CIVICUS s’entretient avec Ian Tennant sur l’importance de la sauvegarde des droits humains dans le processus en cours d’élaboration d’un traité des Nations Unies sur la cybercriminalité.
Ian estle président de l’Alliance des ONG pour la prévention du crime et la justice pénale, un vaste réseau d’organisations de la société civile (OSC) qui fait progresser les questions de prévention du crime et de justice pénale en s’engageant dans les programmes et processus pertinents de l’ONU. Il dirige la représentation multilatérale de Vienne et le Fonds de résilience de l’Initiative mondiale contre la criminalité transnationale organisée, une OSC mondiale dont le siège se trouve à Genève et qui se consacre à la recherche, à l’analyse et à l’engagement sur toutes les formes de criminalité organisée et de marchés illicites. Les deux organisations participent en tant qu’observateurs aux négociations du traité des Nations Unies sur la cybercriminalité.

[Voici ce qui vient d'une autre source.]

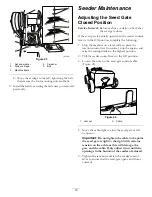 Предварительный просмотр 19 страницы Lawn Solutions TR2009HOF1 Operator'S Manual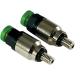 Обезвъздушители за вилка за мотокрос SCAR SHO/KAY M5x0.8 GREEN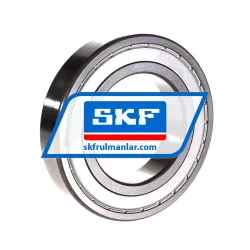 SKF 6215-2Z/C3GJN rulman resim 2
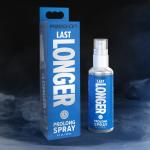 Last Longer Prolong Spray 2Oz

Pourquoi un traité des Nations Unies sur la cybercriminalité est-il nécessaire ?
Il n’y a pas de consensus sur la nécessité d’un traité des Nations Unies sur la cybercriminalité. Depuis que la question a été soulevée officiellement pour la première fois lors du Congrès des Nations Unies sur la criminalité en 2010, les organes de l’ONU qui prennent par consensus des décisions liées à la cybercriminalité, notamment la Commission des Nations Unies pour la prévention du crime et la justice pénale (CCPCJ), n’ont pas pu s’accorder sur la nécessité de ce traité. En 2019, cette question a fait l’objet d’un vote à l’Assemblée générale de l’ONU. La résolution lançant le processus vers un traité a été adoptée avec un soutien minoritaire, en raison d’un grand nombre d’abstentions. Néanmoins, le processus progresse maintenant et des États membres de tous bords participent au débat.
La polarisation des positions sur la nécessité du traité s’est traduite par une polarisation des points de vue sur l’étendue du traité : les pays favorables au traité demandent l’inclusion d’un large éventail de crimes cybernétiques, tandis que les pays opposés au traité demandent un traité étroitement ciblé sur les crimes cyberdépendants.

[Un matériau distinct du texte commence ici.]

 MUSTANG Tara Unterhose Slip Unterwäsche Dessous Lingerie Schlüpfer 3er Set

Comment faire pour que le traité ne soit pas utilisé par des régimes répressifs pour réprimer la dissidence ?
L’équilibre entre les mesures efficaces contre la cybercriminalité et les garanties en matière de droits humains est la question fondamentale qui doit être résolue dans le cadre du processus de négociation de ce traité et, pour l’instant, on ne sait pas très bien comment on y parviendra. Le moyen le plus efficace de s’assurer que le traité ne soit pas utilisé pour réprimer la dissidence et d’autres activités légitimes est de veiller à ce qu’il porte sur un ensemble clair de crimes cyberdépendants avec des garanties adéquates et claires en matière de droits humains présentes dans l’ensemble du traité.
En l’absence d’un traité sur les droits numériques, ce traité doit fournir ces garanties et sauvegardes. Sinon, il existe un risque réel qu’en établissant un vaste régime de coopération sans garanties adéquates, le traité soit utilisé par certains États comme un outil d’oppression et de suppression de l’activisme, du journalisme et d’autres activités de la société civile. Or, celles-ci sont essentielles dans toute stratégie efficace de réponse et de prévention de la criminalité.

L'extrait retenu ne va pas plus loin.